4 Temmuz 2013 Perşembe

Darbe Sonrası Stres Bozukluğu

Askeri darbeler neredeyse insanlığın var olmasından beri vuku bulmakta dünya üzerinde. Antik dönemdeki Yunan ve Hindu kent devletlerinde çok yaygın bir olguydu. Elinde askeri gücü olan kimse bu gücü kullanarak yönetimi ele geçirmekte bir sıkıntı görmezdi.Bunların yanı sıra tarihteki en ünlü darbe mağruru ve mağduru da Julius Caesar'dır sanırım. Kazandığı zaferlerden ve başarılardan sonra 13. lejyonunun askeri gücüne dayanarak Roma'da bir iç savaş başlatmış ve sonunda galip gelip Roma'yı cumhuriyetten imparatorluğa dönüştürüp Roma'nın tek hakimi olmuştur. Ta ki sonunda gene bir darbeyle öldürülüp iktidardan devrilene kadar. Bu yönüyle darbenin iki yüzünü de  yaşamış bir şahsiyettir kendisi. 

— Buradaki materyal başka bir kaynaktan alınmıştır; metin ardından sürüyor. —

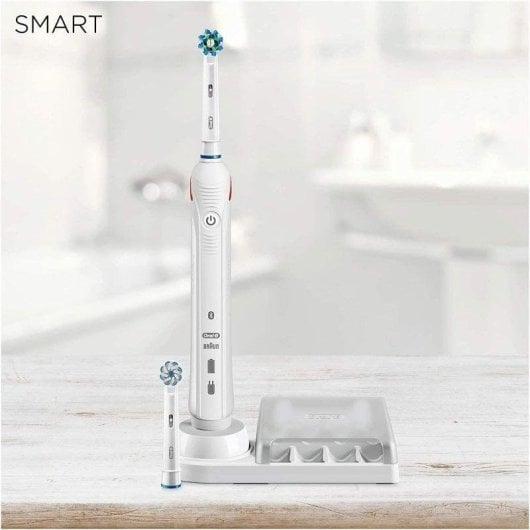 Escova de Dentes Oscilante Rotativo Oral-B Smart 4 4000N 3 Modos 2 Cabeças Temporizador Sensor de Pressão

Antik çağların binlerce yıl öncede kalması gereken bu köhne uygulaması maalesef çağdaş dünyamızda da sık sık karşımıza çıkıyor. Özellikle 20. yüzyıl darbeler tarihi açısından tam anlamıyla bir bolluk bereket dönemi. Latin Amerika'da, Asya'da, Afrika'da ve Avrupa'da onlarca darbe yapılmış bu yüzyıl boyunca. Pinochet'den Saddam'a, Papadopulos'tas Pervez Müşerref'e birçok örnek vardır darbeyle iktidarı ele geçirme kousunda. Ve tabi ki bizim ülkemiz. Bir tanesi yetmemiş gibi 20 yıl sonra bir ikincisini yapmışız. Muhtırasıydı, postmodern darbesiydi de cabası. Türkiye'nin demokratikleşememe sorununun en temel nedenlerinden biridir bu darbe kültürü.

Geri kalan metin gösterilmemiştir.